Abstract

The design of electron guns to produce very-high-perveance ultrarelativistic low-emittance electron beams for free electron lasers or electron-beam weapons requires electron gun design programs that solve for the self-magnetic field of the beam as well as the space-charge electric field. Most gun design codes solve only for the angular component of the self-magnetic field using a straightforward application of Ampere's law. This paper reports on the development of an electron gun design code, Magun, which solves for all three components of self-magnetic field in a cylindrically symmetric system. As in other programs, the angular component is obtained from Ampere's law; the axial and radial components are found from the angular component of the vector potential, which is obtained from a solution of the vector Poisson's equation. Another feature of Magun is that the space-charge field is found by solving Poisson's equation for the electrostatic potential on a deformable finite element mesh.
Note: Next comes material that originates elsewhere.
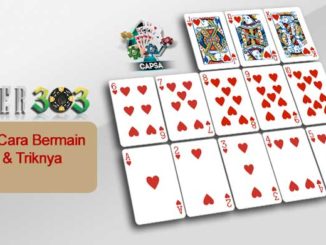 Cara Bermain Capsa Susun di Produk IDN Poker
A discussion of the advantages of this kind of program is followed by an exposition of the code's algorithms. Finally, an application to the beam injector of the Experimental Test Accelerator (ETA) at the Lawrence Livermore National Laboratory is presented. Numerical and graphical results from our program will be compared with results from Lawrence Livermore's computer code EBQ. Emphasis is placed on the behavior of the beam injector (or gun) at extraction grid drives close to the point where a virtual cathode is formed, which provides a particularly severe test of the code.